No parecía triste por todo lo que había tenido que sufrir. Nos contó todos los detalles acerca del accidente de su esposa. Cómo salían a caballo casi todos los días, cómo a María le gustaba galopar a toda velocidad a pesar de que él muchas veces le había advertido lo peligroso que era, cómo esa tarde el caballo de María se desbocó y corrió directamente hacia el borde del acantilado, se frenó de golpe justo al filo del precipicio y ella salió despedida hacia el vacío. No apareció el menor rastro de emoción en su rostro mientras nos contó los detalles. Cuando la buscaron entre las rocas ya la marea empezaba a subir y el cuerpo de María flotaba con los pantalones de amazona y la camisa pegada al cuerpo que dejaba entrever la forma de sus senos. Una de las botas se le había salido, nadie sabe de qué manera y nunca la pudieron encontrar. La nuca de la brasileña estaba totalmente quebrada, la cabeza había girado y los ojos estaban del mismo lado que la espalda. El funeral fue una ceremonia muy breve y austera a la que asistieron la madre, el padre con dos de sus amigos, el pastor y él. Nadie más. Mamá lo miraba y a duras penas podía disimular su consternación. Pero al mismo tiempo todas las esperanzas deshechas ahora retornaban con más fuerza que nunca y cada fantasía desvanecida volvía a reflejarse en sus ojos, que delataban una alegría fuera de toda medida. De pronto, todo volvía a ser como unos años atrás, estábamos los cinco integrantes de la familia sentados otra vez alrededor de ese enorme hombre risueño, de mirada celeste y melancólica cuya sola presencia nos ponía contentos aunque nos estuviera relatando una historia espantosa.

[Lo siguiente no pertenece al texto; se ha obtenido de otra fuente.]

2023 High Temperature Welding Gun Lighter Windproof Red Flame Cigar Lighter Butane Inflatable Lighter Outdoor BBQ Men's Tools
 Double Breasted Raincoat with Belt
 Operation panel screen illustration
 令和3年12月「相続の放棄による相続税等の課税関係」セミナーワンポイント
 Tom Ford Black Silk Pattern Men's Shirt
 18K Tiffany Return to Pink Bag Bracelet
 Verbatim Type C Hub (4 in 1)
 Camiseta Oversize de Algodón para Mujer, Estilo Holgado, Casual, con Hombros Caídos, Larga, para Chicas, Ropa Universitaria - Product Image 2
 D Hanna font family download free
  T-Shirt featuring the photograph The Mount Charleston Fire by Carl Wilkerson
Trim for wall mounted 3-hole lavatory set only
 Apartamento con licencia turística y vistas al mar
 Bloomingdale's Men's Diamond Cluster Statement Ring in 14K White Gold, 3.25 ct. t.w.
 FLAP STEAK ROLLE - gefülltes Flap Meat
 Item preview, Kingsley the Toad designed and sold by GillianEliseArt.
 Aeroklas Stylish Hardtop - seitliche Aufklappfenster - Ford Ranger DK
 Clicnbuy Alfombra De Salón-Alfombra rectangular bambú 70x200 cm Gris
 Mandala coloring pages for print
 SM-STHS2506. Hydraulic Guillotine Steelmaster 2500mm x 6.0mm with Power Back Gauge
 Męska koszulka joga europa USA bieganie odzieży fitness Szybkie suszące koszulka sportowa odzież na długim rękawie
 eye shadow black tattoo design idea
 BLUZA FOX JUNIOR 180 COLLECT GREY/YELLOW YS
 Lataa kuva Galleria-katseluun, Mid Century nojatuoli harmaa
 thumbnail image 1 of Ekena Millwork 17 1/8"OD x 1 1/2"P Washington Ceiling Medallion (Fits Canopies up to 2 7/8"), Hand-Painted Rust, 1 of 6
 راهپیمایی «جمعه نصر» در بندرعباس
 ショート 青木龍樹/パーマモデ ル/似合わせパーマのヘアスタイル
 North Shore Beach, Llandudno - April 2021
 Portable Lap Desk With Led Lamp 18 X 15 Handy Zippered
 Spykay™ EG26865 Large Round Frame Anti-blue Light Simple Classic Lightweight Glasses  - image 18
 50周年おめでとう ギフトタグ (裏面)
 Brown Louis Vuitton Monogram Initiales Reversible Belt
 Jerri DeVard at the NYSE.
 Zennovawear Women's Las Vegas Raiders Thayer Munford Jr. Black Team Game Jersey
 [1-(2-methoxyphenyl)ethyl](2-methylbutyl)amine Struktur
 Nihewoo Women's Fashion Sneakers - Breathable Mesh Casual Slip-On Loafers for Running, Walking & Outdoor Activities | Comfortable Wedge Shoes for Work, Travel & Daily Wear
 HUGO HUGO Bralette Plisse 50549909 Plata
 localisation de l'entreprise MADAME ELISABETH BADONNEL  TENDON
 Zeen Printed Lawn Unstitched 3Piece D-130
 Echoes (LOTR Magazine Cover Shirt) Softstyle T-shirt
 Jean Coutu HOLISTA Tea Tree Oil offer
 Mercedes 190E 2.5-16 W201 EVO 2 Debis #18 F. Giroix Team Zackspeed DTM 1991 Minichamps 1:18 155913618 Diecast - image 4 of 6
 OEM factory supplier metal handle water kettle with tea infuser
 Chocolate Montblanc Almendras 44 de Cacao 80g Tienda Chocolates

Fue esa misma tarde que noté que aunque Bernardo era el mismo, ahora ya no me miraba de la misma manera. Dos o tres veces lo sorprendí con la mirada en mi escote. Y cada vez, instintivamente, yo me había llevado las manos al pecho, como intentando protegerme. En esos momentos, él desvió la vista con gran velocidad y siguió con su conversación sin turbarse un solo segundo. Por supuesto, en esos años mi cuerpo había cambiado, tenía todas las formas definidas de una mujer con curvas pronunciadas y sabía ya perfectamente lo que generaba en los hombres. Pero nunca me imaginé que podía provocar lo mismo en el socio de papá, nunca soñé que ese hombre podía fijarse en mí. Esas breves exploraciones de mi escote y unos pequeños cruces de miradas entre los dos me convencieron esa misma tarde de que yo había despertado algo en Bernardo, que me llevaba más de veinte años. El problema era que no solamente yo me di cuenta de todo esto. A mamá tampoco se le había escapado que me dedicaba cada palabra e incluso aprovechaba para mirarme mientras otros hablaban. Bernardo la trató de una manera mucho más fría y distante y en esa charla tan amena mamá entendió que cualquier posibilidad de encuentro entre los dos se había esfumado para siempre. Y entonces mamá se dedicó a captar qué tipo de corriente invisible empezaba a fluir entre nosotros.
A la semana tuvimos nuestro primer encuentro a solas.